Protecting Porn Stars
The POZ Web Exclusive “Porn, Patient Zeta and HIV” interviewed adult film star Derrick Burts, a.k.a. Patient Zeta, who tested HIV positive in October. He used the resulting publicity to advocate for condom use in all adult films—both straight or gay.
Requiring condoms will only put porn actors out of work and shift the shooting out of the United States to Eastern Europe, where they don't seem to care.
Fort Lauderdale, FL
Maybe it's time to seriously look at antiretroviral meds [in the form of PrEP, or pre-exposure prophylaxis] for all participating in “risky sex”—and time for an increased effort to advance research into microbicides. If condoms aren't going to work or be used, there are other options. Where is the scientific community's commitment to solving this problem? It is not just in the porn industry, but among all of us who have multiple sex partners. Don't judge—just solve the problem creatively with the resources that we have!
It's great that this has come to light and [Derrick Burts] is going to become a spokesperson. However, people in that industry know the risks—[unprotected] sex with that many partners is never fully safe. Add to that the escorting [that many porn actors do on the side] and the level of risk skyrockets. HIV isn't anything new in 2011. When one enters the porn industry, accepting the risks is part of the program. After all, condoms aren't foolproof. If you don't want the risk, stay out of porn.
In “Volunteer Mission” (July/August 2011), Carlton Rounds, the executive director and founder of Volunteer Positive, discussed the first-of-its-kind nonprofit that helps Americans living with and affected by HIV to volunteer at AIDS service organizations abroad.

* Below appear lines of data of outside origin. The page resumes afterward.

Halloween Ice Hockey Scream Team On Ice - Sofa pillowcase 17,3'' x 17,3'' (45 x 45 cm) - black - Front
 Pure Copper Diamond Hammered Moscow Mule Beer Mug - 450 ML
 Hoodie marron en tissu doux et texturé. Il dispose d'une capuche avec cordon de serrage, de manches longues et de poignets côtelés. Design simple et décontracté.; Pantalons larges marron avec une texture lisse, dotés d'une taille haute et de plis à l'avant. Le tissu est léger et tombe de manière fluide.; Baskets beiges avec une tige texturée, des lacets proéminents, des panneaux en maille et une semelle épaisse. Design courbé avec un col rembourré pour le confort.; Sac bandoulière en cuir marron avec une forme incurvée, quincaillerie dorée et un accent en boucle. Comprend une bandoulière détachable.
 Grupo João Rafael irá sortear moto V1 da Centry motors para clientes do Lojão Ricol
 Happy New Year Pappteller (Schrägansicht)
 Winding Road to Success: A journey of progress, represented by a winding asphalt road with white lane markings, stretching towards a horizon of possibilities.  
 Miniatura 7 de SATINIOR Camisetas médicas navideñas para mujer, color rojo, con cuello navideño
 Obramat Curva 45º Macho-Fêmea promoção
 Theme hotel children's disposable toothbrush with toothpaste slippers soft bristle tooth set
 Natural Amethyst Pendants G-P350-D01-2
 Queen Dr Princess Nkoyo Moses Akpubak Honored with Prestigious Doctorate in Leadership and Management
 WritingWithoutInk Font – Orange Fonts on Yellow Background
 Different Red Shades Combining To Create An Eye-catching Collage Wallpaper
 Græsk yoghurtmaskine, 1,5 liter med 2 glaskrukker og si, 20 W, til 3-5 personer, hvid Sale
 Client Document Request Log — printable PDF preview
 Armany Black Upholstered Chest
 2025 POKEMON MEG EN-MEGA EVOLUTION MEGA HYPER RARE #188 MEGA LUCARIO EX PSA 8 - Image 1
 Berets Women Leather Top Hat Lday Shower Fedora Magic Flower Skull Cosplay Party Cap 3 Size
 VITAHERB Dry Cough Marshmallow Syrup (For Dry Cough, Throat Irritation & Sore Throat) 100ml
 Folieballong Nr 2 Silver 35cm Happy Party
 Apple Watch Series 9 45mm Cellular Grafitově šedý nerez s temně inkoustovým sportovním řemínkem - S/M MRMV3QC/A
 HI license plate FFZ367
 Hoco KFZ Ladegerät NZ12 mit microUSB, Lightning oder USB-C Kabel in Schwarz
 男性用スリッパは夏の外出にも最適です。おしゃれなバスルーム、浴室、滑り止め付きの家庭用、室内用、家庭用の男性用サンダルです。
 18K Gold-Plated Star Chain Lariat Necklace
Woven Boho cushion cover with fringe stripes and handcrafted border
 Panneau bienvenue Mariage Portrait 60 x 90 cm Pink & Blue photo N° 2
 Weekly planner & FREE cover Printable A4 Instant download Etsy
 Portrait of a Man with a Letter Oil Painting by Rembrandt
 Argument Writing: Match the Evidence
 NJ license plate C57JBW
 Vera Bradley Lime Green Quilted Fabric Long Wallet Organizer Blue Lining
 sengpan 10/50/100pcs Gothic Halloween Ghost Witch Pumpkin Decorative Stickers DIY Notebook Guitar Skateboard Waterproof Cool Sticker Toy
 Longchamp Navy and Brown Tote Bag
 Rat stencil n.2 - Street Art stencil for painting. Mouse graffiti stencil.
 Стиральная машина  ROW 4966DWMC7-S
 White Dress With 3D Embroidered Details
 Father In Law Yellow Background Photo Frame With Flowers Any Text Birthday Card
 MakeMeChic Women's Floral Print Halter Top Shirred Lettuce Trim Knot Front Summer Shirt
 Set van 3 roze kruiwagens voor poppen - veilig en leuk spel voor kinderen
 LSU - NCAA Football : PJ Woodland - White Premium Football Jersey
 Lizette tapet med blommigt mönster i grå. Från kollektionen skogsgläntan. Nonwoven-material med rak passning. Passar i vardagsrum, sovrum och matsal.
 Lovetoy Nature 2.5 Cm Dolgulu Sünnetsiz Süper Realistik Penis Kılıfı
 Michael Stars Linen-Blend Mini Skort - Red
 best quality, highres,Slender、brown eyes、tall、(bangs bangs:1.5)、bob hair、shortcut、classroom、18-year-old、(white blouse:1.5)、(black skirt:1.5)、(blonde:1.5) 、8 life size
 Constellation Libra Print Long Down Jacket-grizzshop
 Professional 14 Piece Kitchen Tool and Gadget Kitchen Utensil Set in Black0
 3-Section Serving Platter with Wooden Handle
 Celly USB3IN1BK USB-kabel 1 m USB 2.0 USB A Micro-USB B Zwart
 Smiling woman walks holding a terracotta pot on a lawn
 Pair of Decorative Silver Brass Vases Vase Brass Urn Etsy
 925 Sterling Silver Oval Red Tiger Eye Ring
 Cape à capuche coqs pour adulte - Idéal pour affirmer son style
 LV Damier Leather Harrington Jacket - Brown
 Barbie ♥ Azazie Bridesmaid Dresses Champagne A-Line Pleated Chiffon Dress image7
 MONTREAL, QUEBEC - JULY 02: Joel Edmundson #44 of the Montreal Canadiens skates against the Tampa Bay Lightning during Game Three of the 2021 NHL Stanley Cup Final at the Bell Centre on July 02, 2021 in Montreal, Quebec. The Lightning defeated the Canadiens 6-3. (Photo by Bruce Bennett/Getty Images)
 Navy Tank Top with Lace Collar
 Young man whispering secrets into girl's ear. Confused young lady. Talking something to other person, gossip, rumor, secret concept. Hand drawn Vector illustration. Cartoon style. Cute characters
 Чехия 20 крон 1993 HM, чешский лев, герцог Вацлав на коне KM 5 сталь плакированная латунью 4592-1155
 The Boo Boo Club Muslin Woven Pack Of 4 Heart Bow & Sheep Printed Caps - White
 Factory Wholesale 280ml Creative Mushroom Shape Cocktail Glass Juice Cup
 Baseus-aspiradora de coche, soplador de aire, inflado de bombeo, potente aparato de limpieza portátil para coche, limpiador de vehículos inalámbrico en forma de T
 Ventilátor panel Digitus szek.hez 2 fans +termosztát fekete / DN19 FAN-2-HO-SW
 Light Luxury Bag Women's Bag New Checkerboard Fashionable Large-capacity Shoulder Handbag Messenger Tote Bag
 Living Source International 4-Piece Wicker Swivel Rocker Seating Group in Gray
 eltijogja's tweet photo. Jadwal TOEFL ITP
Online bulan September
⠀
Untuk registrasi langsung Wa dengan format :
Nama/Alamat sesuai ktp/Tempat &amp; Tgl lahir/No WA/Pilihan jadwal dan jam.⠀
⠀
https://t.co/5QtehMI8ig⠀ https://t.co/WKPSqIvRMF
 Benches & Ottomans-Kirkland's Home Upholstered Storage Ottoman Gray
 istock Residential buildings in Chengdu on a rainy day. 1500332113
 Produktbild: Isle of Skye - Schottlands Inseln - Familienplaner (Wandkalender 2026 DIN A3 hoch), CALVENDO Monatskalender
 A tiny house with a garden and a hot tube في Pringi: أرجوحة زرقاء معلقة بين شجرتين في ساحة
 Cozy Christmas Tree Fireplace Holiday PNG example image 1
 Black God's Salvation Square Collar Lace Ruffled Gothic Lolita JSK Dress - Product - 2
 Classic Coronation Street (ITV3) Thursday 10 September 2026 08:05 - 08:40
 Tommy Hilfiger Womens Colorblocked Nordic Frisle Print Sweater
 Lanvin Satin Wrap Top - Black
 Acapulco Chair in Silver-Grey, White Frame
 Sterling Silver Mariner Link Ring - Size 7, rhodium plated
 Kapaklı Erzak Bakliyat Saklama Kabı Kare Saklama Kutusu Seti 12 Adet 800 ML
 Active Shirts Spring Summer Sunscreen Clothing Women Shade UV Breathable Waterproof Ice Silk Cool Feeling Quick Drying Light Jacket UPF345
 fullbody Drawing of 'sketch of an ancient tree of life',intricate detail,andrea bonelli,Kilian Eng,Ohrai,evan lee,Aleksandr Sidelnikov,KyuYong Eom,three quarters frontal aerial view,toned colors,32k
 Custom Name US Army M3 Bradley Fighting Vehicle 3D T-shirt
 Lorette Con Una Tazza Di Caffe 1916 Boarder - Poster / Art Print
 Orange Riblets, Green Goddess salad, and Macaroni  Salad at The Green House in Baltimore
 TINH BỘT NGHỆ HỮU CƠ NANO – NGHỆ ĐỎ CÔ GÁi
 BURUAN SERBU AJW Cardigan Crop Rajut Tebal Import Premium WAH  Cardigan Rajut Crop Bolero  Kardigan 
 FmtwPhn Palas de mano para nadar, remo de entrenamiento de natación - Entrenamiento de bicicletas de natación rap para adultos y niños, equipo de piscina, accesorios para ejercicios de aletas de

This is a great opportunity for HIV-positive men and women. I volunteered at an orphanage in Buenos Aires, Argentina, five years ago and worked with kids who were affected by and infected with HIV. It was a life-changing experience, one I will never forget. There is a lot of healing power in reaching out and helping others who are in the same situation as you. It makes you feel stronger! Keep up this good work!
Long Beach, CA
It is all well and good to help people in other countries, but there are people right here at home in the United States who need help. Case in point: AIDS Resources of Rural Texas serves [a 26-county area in north-central Texas] and is shutting down because of bureaucratic bull. The clients of its clinics are losing case management, health care and prescription services. Where is the help for those of us living with HIV in rural Texas?